Zwischen opulenten Popballaden und unterkühlten Synthieklängen versucht sich Natasha Khan unter ihrem Pseudonym Bat For Lashes auf ihrem dritten Album The Haunted Man einzupendeln, einmal mit mehr, einmal mit weniger Erfolg.

Mit einem Albumcover Monate im Vorfeld der Veröffentlichung für mehr Furore zu sorgen als mit bereits lange von offizieller Seite kursierenden, hochwertigen Songs – mit so einer Situation würde man Natasha Khan alias Bat For Lashes in erster Linie nicht in Verbindung bringen. Publicitytechnisch sicher nicht der schlechteste Ausgangspunkt für das von nicht wenigen heiß ersehnte Album nach ‚Two Suns‘, oder viel mehr: nach ‚Daniel‘, dem Song, dem vor drei Jahren nicht nur die Herzen ansonsten wenig popaffiner Karate Kid-Fans zugeflogen sind. Diese drei Jahre wollte sich Khan dann auch Zeit nehmen, nicht nur für musikalische Prioritäten, aber doch auch um den von ihr selbst befürchteten Schnellschuss möglichst abzuwehren. Die Jagd ist vorüber, die Beute geschultert – ob Khan mit ihrem stechenden Blick am Cover nun durch die betonte Verletzlichkeit und Naturverbundenheit die das Schwarzweißfoto von Starfotograph Ryan McGinley kokettierend vermitteln möchte, oder sich in der Tradition von ikonischen Plattencovern wie denen von Patti Smith sieht, bleibt offen.

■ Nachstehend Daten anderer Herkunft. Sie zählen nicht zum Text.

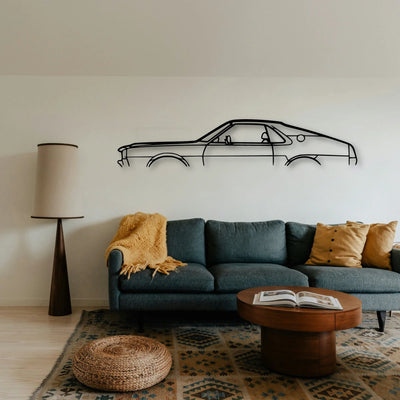 AMX 1970 Classic Silhouette Metal Wall Art - Tinvibe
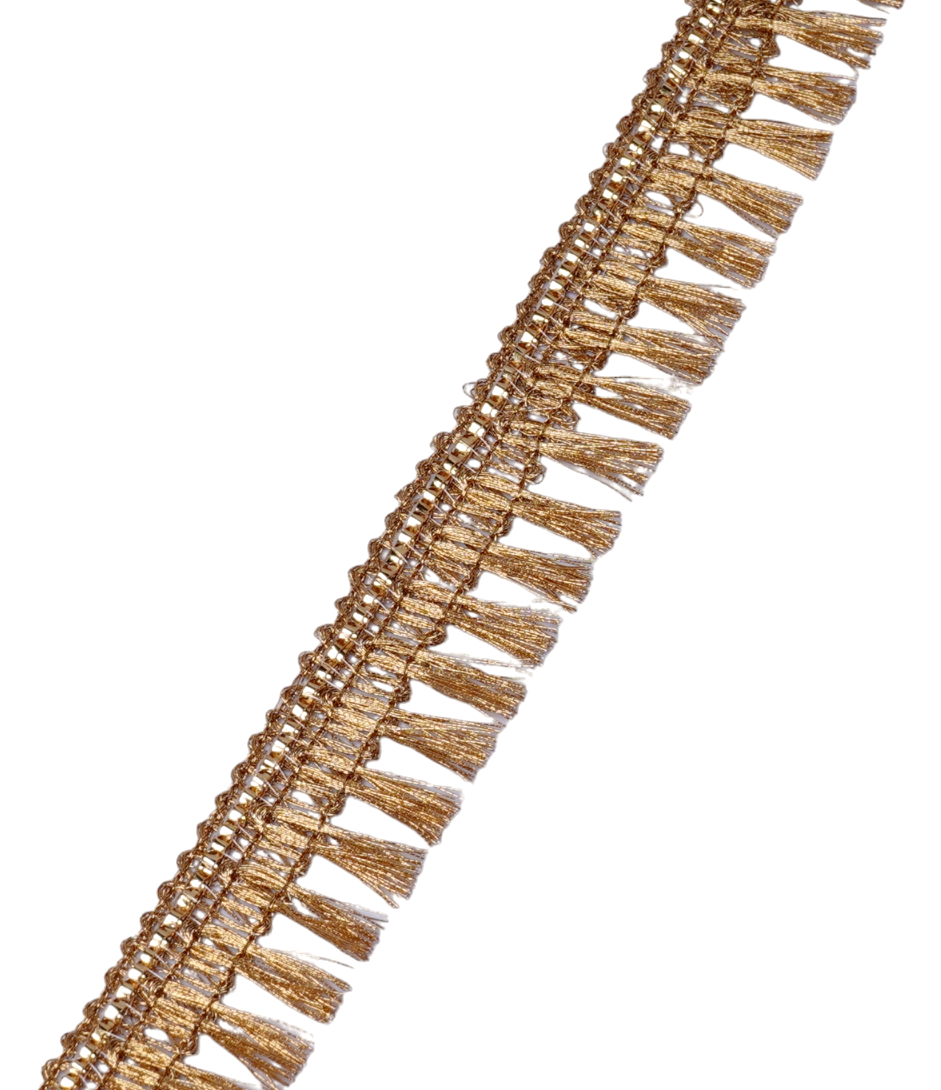 3 Yards Mini Tassel Brush Fringe Trim Braid Trimming Style Ethnic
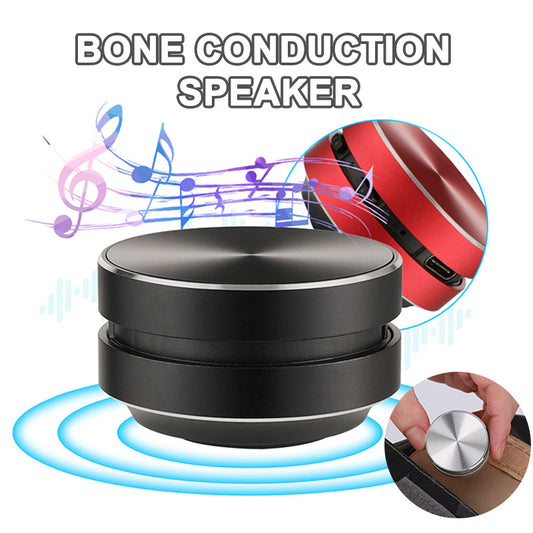 Humbird Bone Conduction Speaker – Mini Bluetooth 5.0 Vibration Audio Device – audio-accessory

Dass der Einstieg mit ‚Lilies‘ nicht so fulminant ausfällt wie damals ‚Glass‘ als Beginn von ‚Two Suns‘, es sich dabei aber trotzdem noch um einen der besseren Songs aus Kahn’s Feder handelt, sollte mehr als Argument für die Geniestreiche die sich auf dem letzten Album befinden als ein Indiz für ein zurückgehendes Songwritingtalent verstanden werden. Hier werden die Synthies als Kontrast zu lieblichem Dream-Pop noch effektiv tief brummen gelassen, anstatt sich wie auf dem Rest des Albums nur zu oft in beliebig anmutendes Melodiegedüdel zu verlieren. Die für Bat for Lashes so markanten Streicherarrangements treiben das Album schon früh auf einen ersten Höhepunkt hin, bevor es abrupt mit der nur all zu sehr an das schnell totgespielte ‚Somebody That I Used To Know‚-Phänomen Gotye aus dem Vorjahr gemahnende Single ‚All Your Gold‘ abgekühlt wird. Gekonnt wird jedoch Richtung gefälliger Moloko-Lässigkeit manövriert, die choreographische Theatralik des dazugehörigen Videos sieht man auf Platte ja nicht. Was man vom zweiten eindeutigen Highlight auf The Haunted Man weniger behaupten kann: zwischen den kühlen elektronischen Soundlandschaften die den Song umgeben sticht ‚Laura‘ mit seinem reduzierten, organischen Bläser- und Pianospiel und Khan’s – deutlich markanter als zum Beispiel noch in ‚Daniel‚ im Vordergrund befindlichen – Stimme hervor wie Lana Del Rey’s künstlerische Daseinsberechtigung ‚Video Games‘ aus dem David Guetta-Chartsghetto des zu Ende gehenden Jahres.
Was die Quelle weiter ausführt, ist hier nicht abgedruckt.